ESTÓRIAS DOS QUATRO VENTOS: OS VELHOS BRINQUEDOS
ESTÓRIAS DOS QUATRO VENTOS: OS VELHOS BRINQUEDOS
Rangel Alves da Costa*
Conto o que me contaram...
Dizem que num lugar bem distante, lá onde o vento se esconde, chamado Cafundó do Judas, aconteceu uma cena mais que inesperada.
Segundo relatam, os meninos de antigamente que viviam no lugar só gostavam de brincar com brinquedos ali mesmo da terra, tirados da mataria, fabricados pelas mãos artesãs dos moradores, frutos de uma criatividade infinita.
Por isso mesmo que toda ludicidade infantil era acompanhada do cavalo de pau, da bola de meia cheia de fiapo de pano, de ponta de vaca, de boneca de pano, de casinha de brinquedo, de baleadeira, de minúsculas cozinhas feitas de pedacinhos de madeira. E muito mais...
Com tais brinquedos, pelos quintais das casas, nos cantos dos aposentos, embaixo do sol escaldante ou da lua brilhante, a meninada fazia sua festa. E os objetos de diversão, tão cativados e amados que eram, verdadeiramente ganhavam sentimentos.
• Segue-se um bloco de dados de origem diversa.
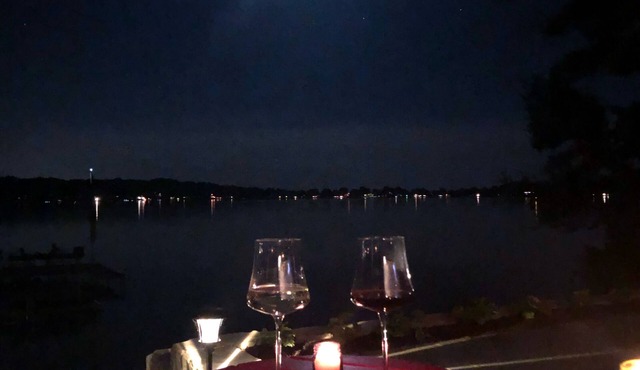 Beautiful views - 4 Bedroom Lakefront home on Lake Mary. 60 miles from Chicago.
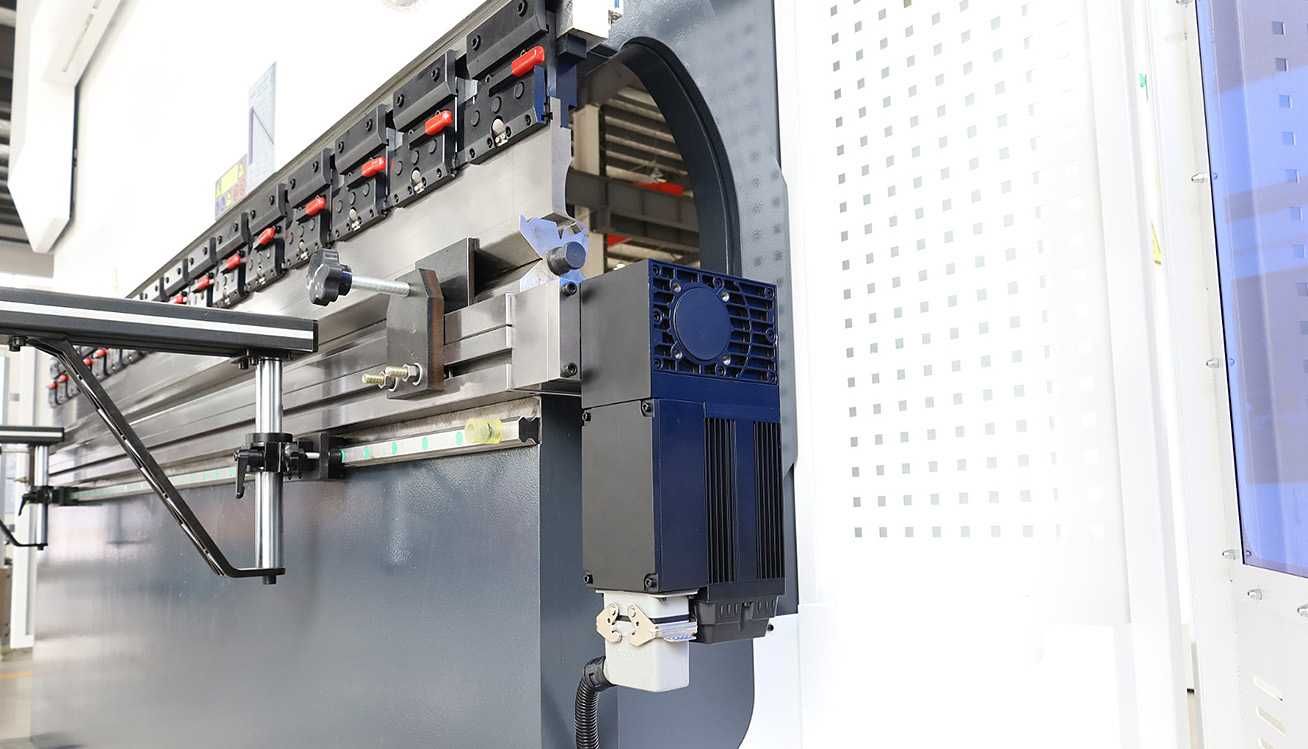 Hydrauliczna prasa krawędziowa CNC. Aktona DA53. 135t, 3200 mm.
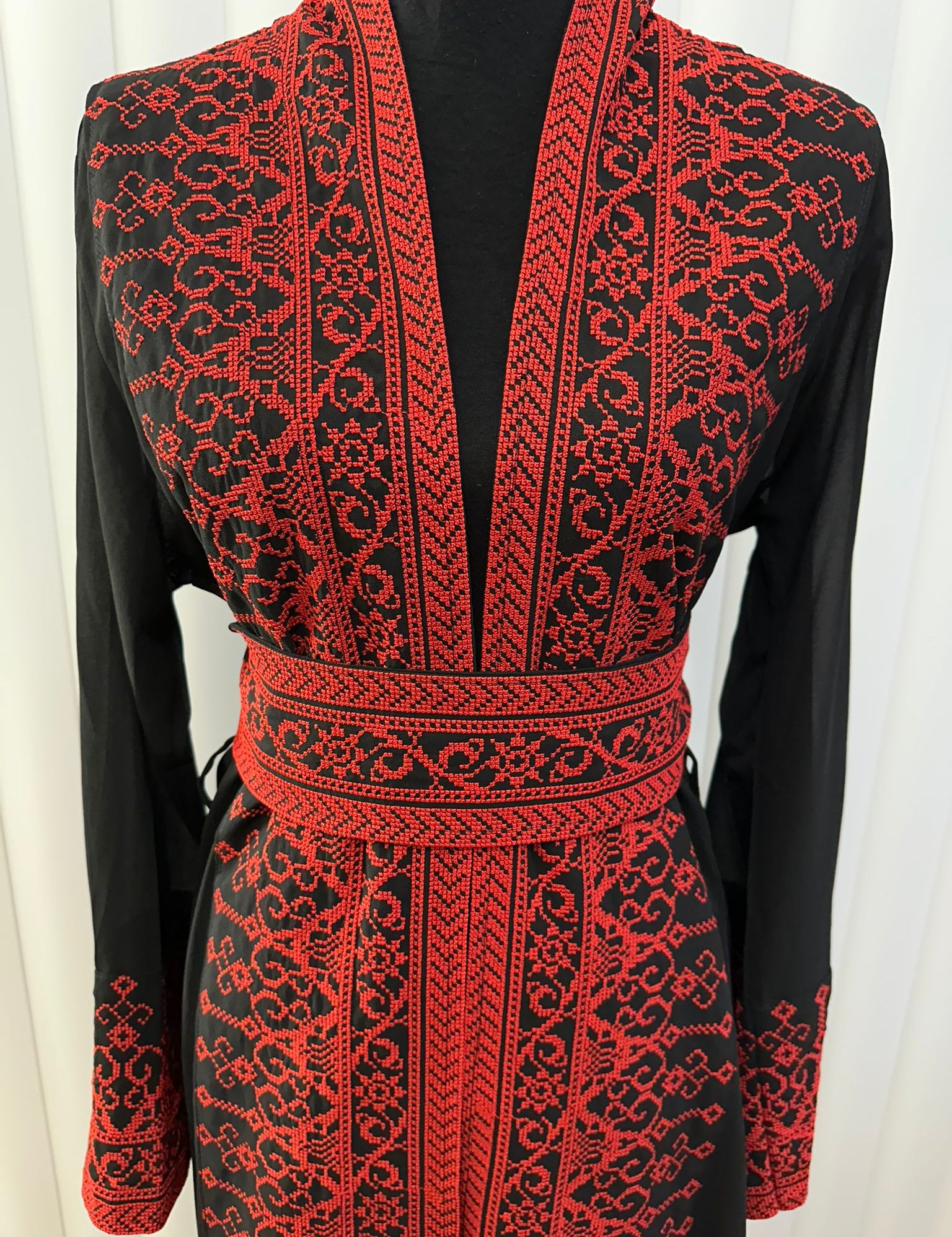 Hasna chiffon Bisht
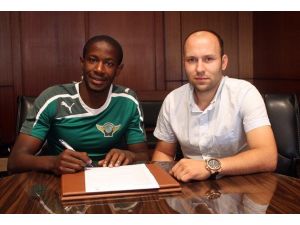 Sutchuin Akhisar Belediyespor’da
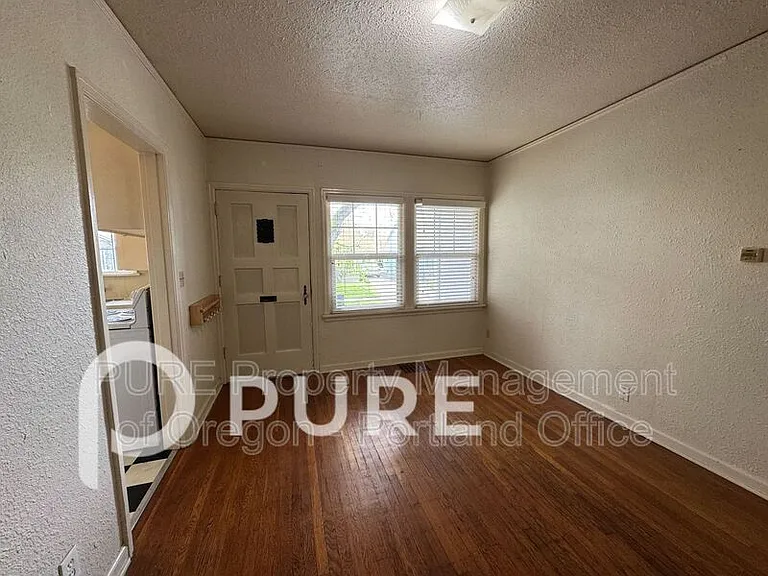 715 NE 20th Ave #1 — Photo 6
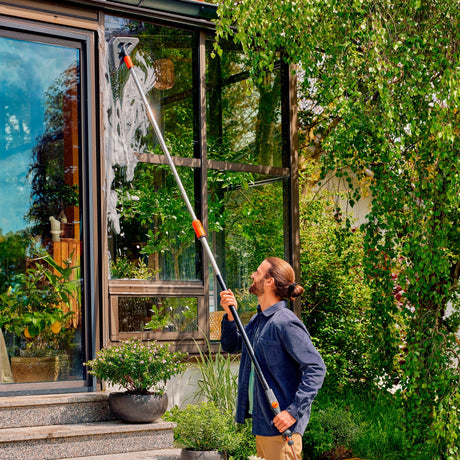Gardena Cleansystem Teleskopstiel M - XL, für entlegenere Orte (18804-20)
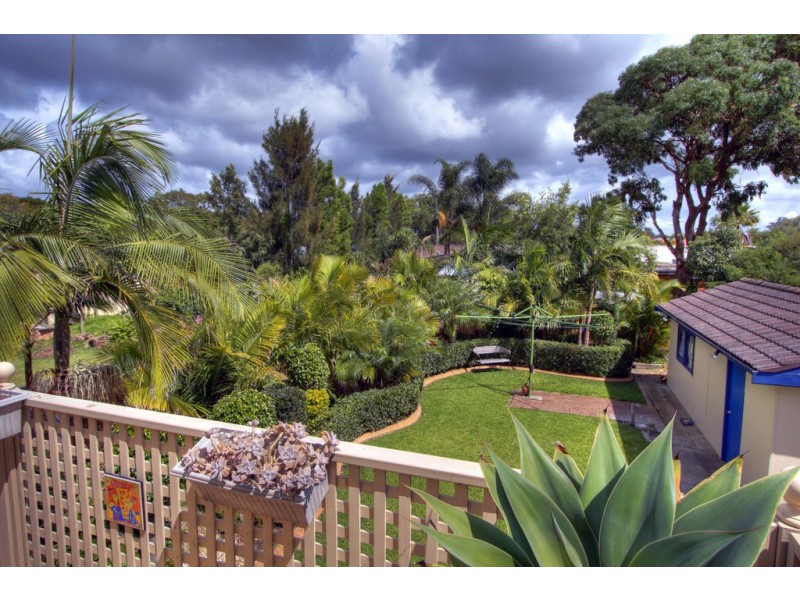 96 Kathleen White Crescent, Killarney Vale NSW 2261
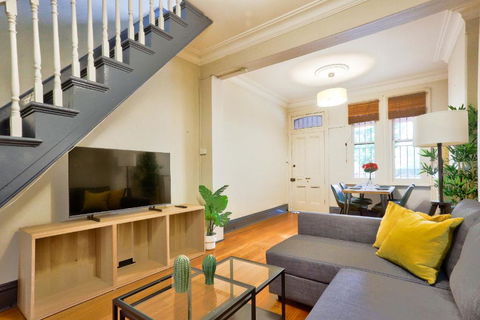 Awesome 2 Bedroom House Surry Hills - Accommodation Whitsundays 0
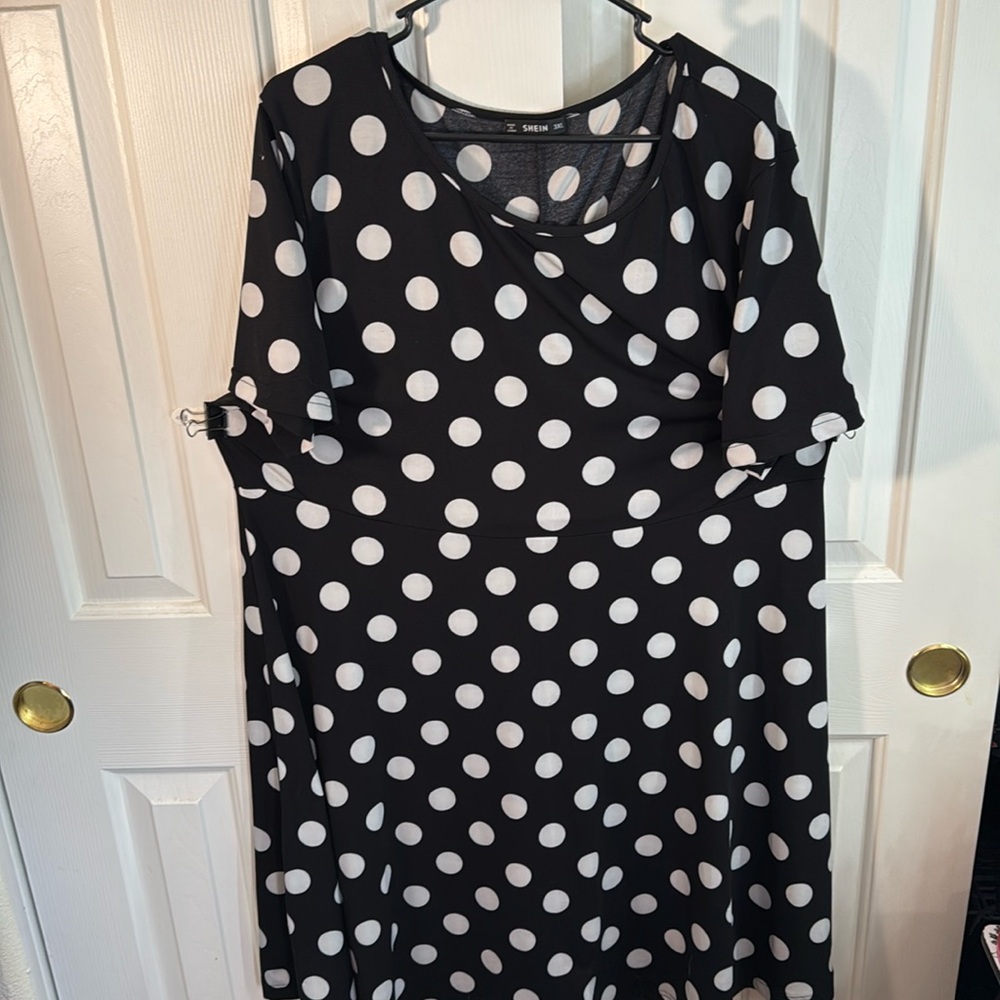 Shein short sleeve knee length polkadot dress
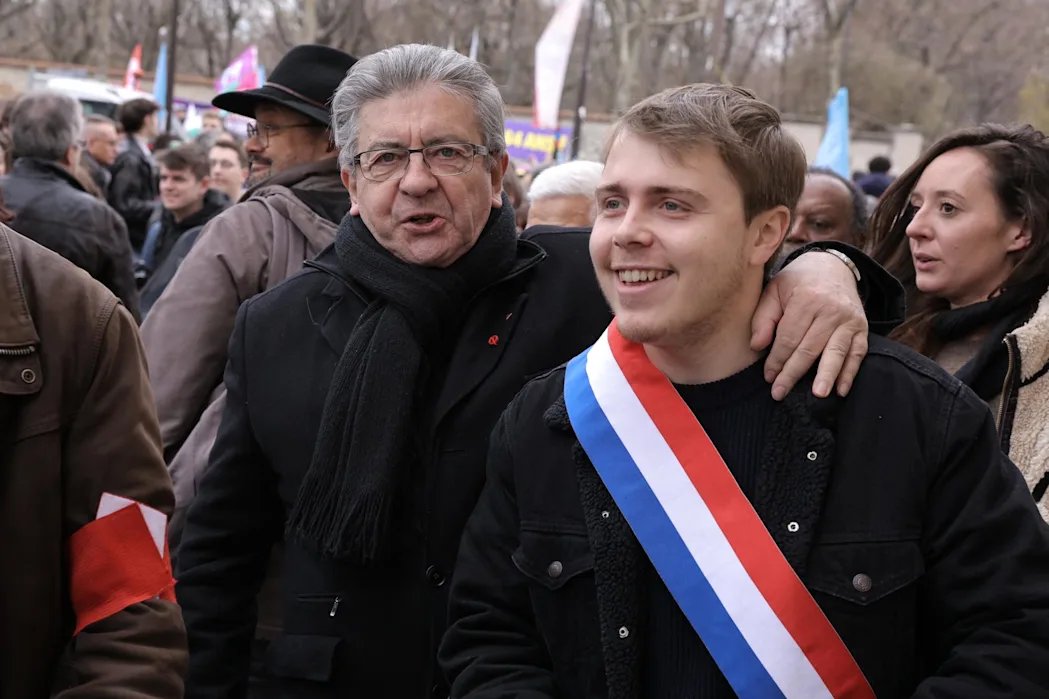 SoeurFoune's tweet photo. Chez LFI, ils sont tous antisémites, voleurs, drogués ou criminels. Aujourd'hui, c'est au tour de l'assistant parlementaire de Louis Boyard de se retrouver en garde à vue pour trafic de contrefaçon. Il faut dissoudre cette association de malfaiteurs. https://t.co/JxBuCU7kh7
Desse modo, a boneca de pano ficava entristecida e até chorosa se sentia que sua pequena dona estava angustiada e cheia de descontentamento; o cavalo de pau silenciosamente relinchava se seu vaqueiro moleque o deixasse esquecido por muito tempo; o carrinho de madeira enguiçava por conta própria; a casinha de madeira ficava batendo a porta raivosa.
Pior ainda quando os meninos foram crescendo e deixando toda a brincadaria pelos cantos e porões, esquecida de vez e jogada ao esquecimento. E com o surgimento de novos brinquedos mecanizados, todos comprados na cidade grande e levados até ali, a situação piorou ainda mais. Ninguém sequer ao menos falava mais naqueles sublimes e majestosos passatempos de antigamente.
Mas um dia, uma boneca de pano que há muito dormia esquecida num canto qualquer, acordou e tomou uma decisão. Verdade é que resolveu sair da toca, reencontrar os amigos e vivenciar as alegrias contagiantes dos velhos tempos.
E desse modo foi passando de baú em baú, de caixa em caixa, de canto a canto, de armário a armário, por todo lugar onde houvesse um velho brinquedo esquecido, e fez um convite para o grande encontro dos brinquedos abandonados, trocados pelas bugigangas forasteiras.
Marcaram então o encontro na casa de brinquedo, porém sabendo que pelo tamanho tinham de ficar todos zanzando do lado de fora. E o primeiro a chegar correndo foi o cavalo de pau, depois veio a ponta de vaca e o carrinho de lata de óleo. E a sala se encheu de tal forma que chamou a atenção do pai de um garotinho que estava em outra sala ensinando videogame ao filho.
Assim que se dirigiu até lá, abrindo a porta devagarzinho, se deparou com aquela festança dos seus velhos amigos. E chorou feito menino, com saudade dos tempos idos. E a partir daquele instante os seus filhos passaram a amar todos aqueles brinquedinhos simples e cheios de significado para a verdadeira infância.